# Mira Update - On the Countdown!



## sammydog (Aug 23, 2008)

We got our 17th Double-Q over the weekend!! Woo hooo!!! I am starting to feel like we are on the MACH countdown! We have a few weeks off before our next trial and I cannot wait! 

We also sucked it up and stayed for FAST. Mira needed one more leg for her title, and I feel guilty just leaving those two legs hanging... They don't offer FAST very often in San Diego so we decided to enter for this trial, which was 2 hours north of us. We had to wait 4 HOURS for Novice FAST, and I will tell you around 5:00 I was wondering if I was crazy! :uhoh: BUT it was worth it, and Mira got her Novice FAST title! YAY! :bowl:

Overall our weekend was great, Mira and Barley each got a Double-Q and Mira went 4 out of 5 clean runs, and Barley went 3 out of 4 (he was not in FAST) Plus it is always fun to travel and see our friends up north!

Here is a video of Mira's runs, love my little girlie!


----------



## nixietink (Apr 3, 2008)

Whoohoo!! Go Mira!!! I love watching you guys work together. It's just amazing.


----------



## HiTideGoldens (Dec 29, 2009)

Great job!!! Is the next trial at Silver Bay? I think we're going to be there too!


----------



## sammydog (Aug 23, 2008)

goldenjackpuppy said:


> Great job!!! Is the next trial at Silver Bay? I think we're going to be there too!


No  I LOVE Silver Bay, love it! But this year we are opting to head north to a 3 day trial with a judge that I really like, and Mira usually does well on his courses... :crossfing


----------



## Bogey's Mom (Dec 23, 2008)

Amazing!!!! She is just awesome. I love that she is fast but still watches her footwork and pays attention to you so carefully. What a team!


----------



## Chelseanr (Oct 3, 2010)

Congrats! I love how she shakes her booty on the weaving pole thingies


----------



## sammydog (Aug 23, 2008)

Bogey's Mom said:


> Amazing!!!! She is just awesome. I love that she is fast but still watches her footwork and pays attention to you so carefully. What a team!
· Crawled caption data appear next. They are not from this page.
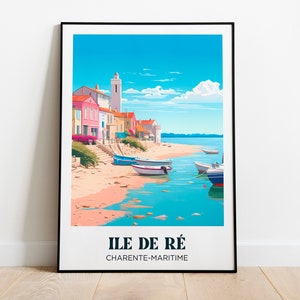 Poster di viaggio Ile de Ré, Charente-Maritime, La Rochelle - Illustrazione della casa vacanza - Poster di viaggio vintage retrò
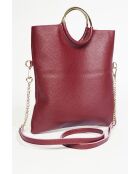 Sac bandoulière en Cuir Jany bordeaux - 29x31,5x2 cm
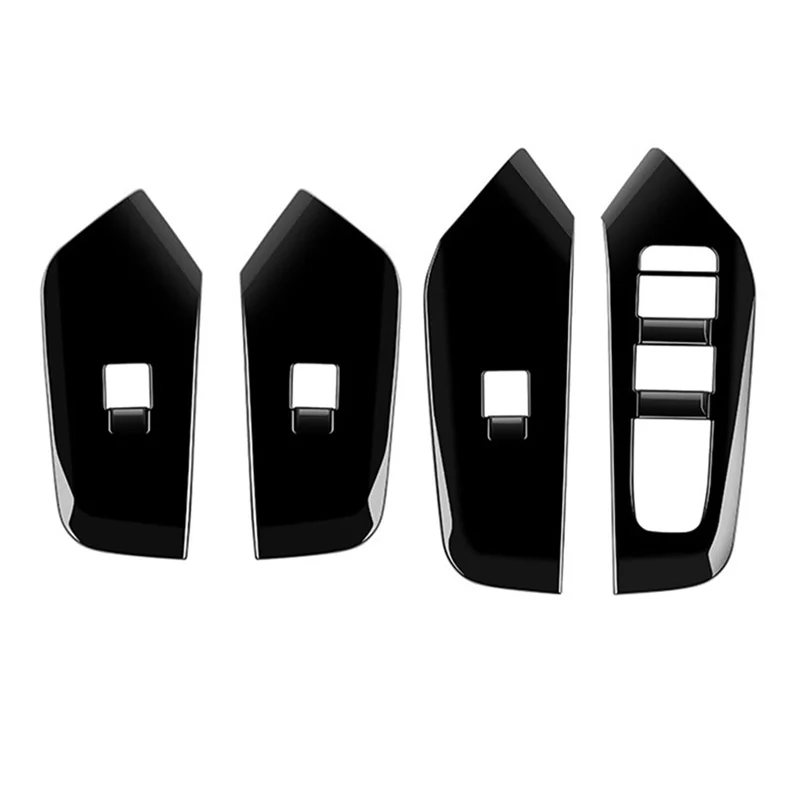 Car Bright Black Interior Door Armrest Window Glass Switch Frame Panel Trims 4PCs for Toyota Prius 60 Series 2022 2023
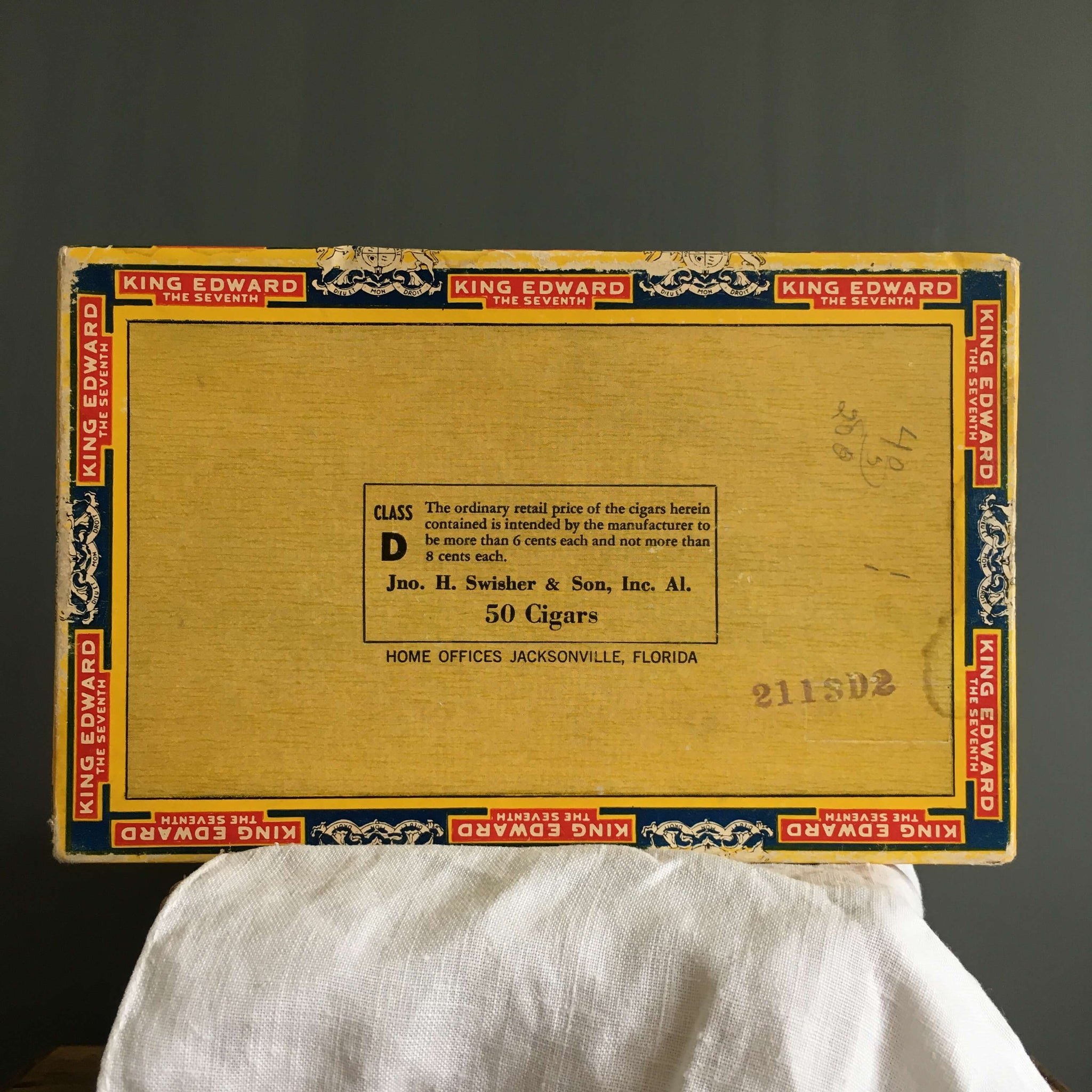 Vintage 1930s Cigar Box - King Edward the Seventh Imperial Cigars Cardboard Box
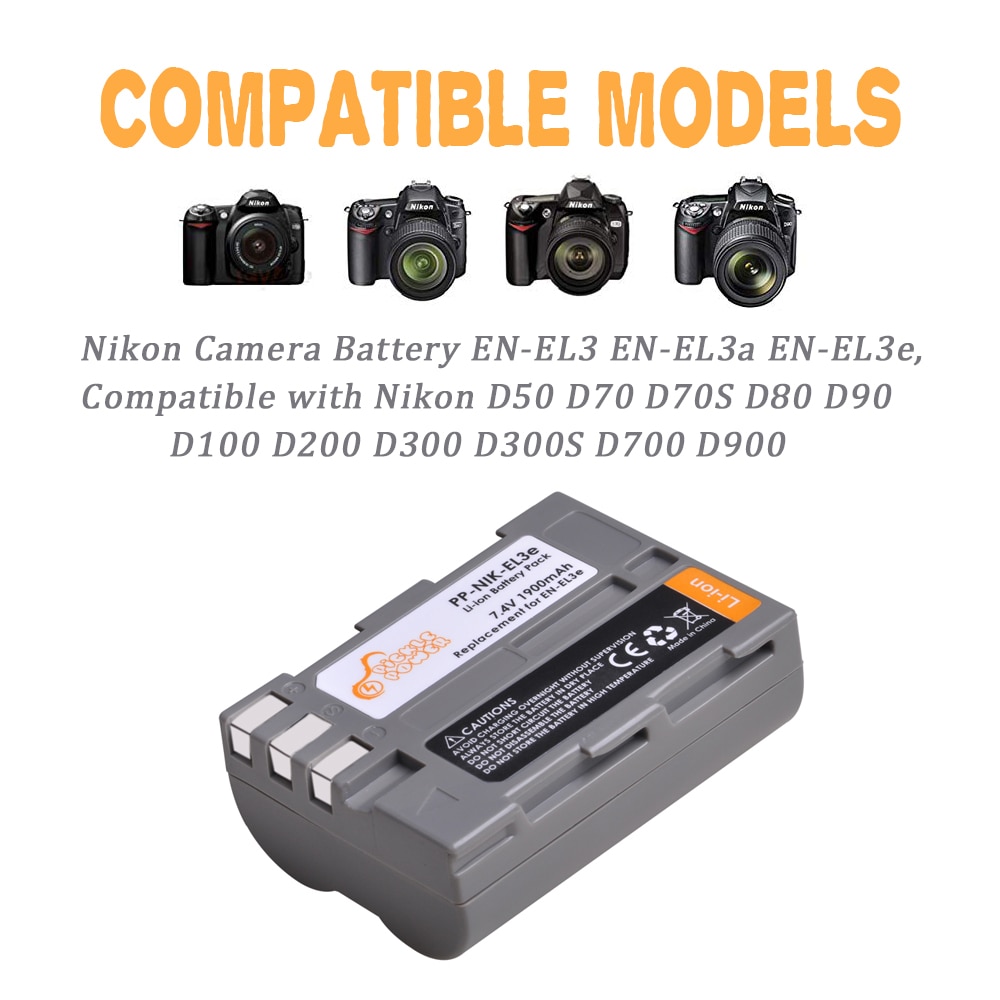 2 pc 1900 mah en -el3e sv  el3e kamerabatteri och led -laddare med typ c -port för nikon  d50 d70 d80 d90 d100 d200 d300 d300s d700.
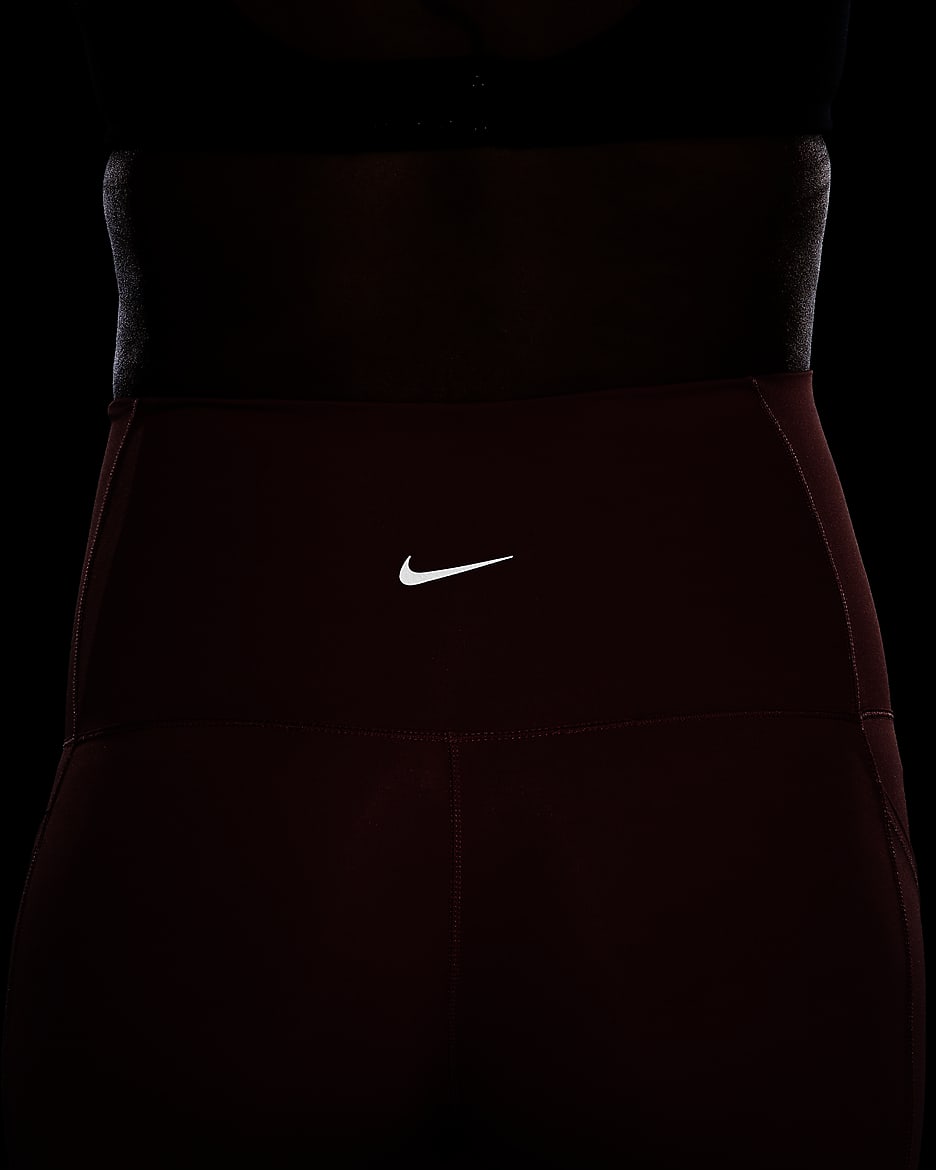 Nike (M) One Dri-FIT bikershorts met hoge taille en zakken voor dames (20 cm, zwangerschapskleding) - Canyon Pink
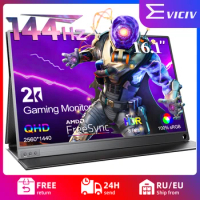 EVICIV 16.1 Inch 2K 144Hz Portable Monitor 2560*1440 100%sRGB IPS Gaming Display USB C HDMI Second Screen for Xbox PS4 Switch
Thanks!! I love those observations! She really is such a team player and very fun to run with. I know she loves agility, I do too, but she just loves doing anything with me. I love this girl! :


----------



## Augie's Mom (Sep 28, 2007)

Absolutely wonderful!! 

You both make it look so easy and so fun!


----------



## sammydog (Aug 23, 2008)

Augie's Mom said:


> Absolutely wonderful!!
> 
> You both make it look so easy and so fun!


Thank you! It is fun!!!!


----------



## hotel4dogs (Sep 29, 2008)

congratulations! you guys are simply amazing!


----------



## AmberSunrise (Apr 1, 2009)

You guys are awesome!


----------



## Maxs Mom (Mar 22, 2008)

Gorgeous runs Jessica. Who were the judges? Who is the judge you want to run under north?

That standard course... where you did the tunnel, panel, A frame, tunnel, panel off on a new path.... WHOA Did that catch a lot of dogs heading back onto the A frame? That obstacle discrimination! 

I heard they had fabulous courses this past weekend here at a trial. I should have entered. I don't know why I decided not to, such a dork. This could have been the trial I was worried we "could" have PAX'd at, and the club who gives out lousy ribbons. Oh well. We are at #17 just like you. We probably won't finish ours until spring. Only two trials then Nationals.


----------



## Maxs Mom (Mar 22, 2008)

PS..... I am SO jealous you are running outside! LOL 

we are under a blizzard warning today.... 

SEND SUN!!!


----------



## AmberSunrise (Apr 1, 2009)

LOL - I almost wrote about my being jealous of being able to run outside - heck we can barely walk out side here!



Maxs Mom said:


> PS..... I am SO jealous you are running outside! LOL
> 
> we are under a blizzard warning today....
> 
> SEND SUN!!!


----------



## Laurie (Sep 20, 2009)

Great video!! I love watching Mira in action. Our 2 younger guys started agility back in September so it's nice to see how it's actually supposed to be done!!!!!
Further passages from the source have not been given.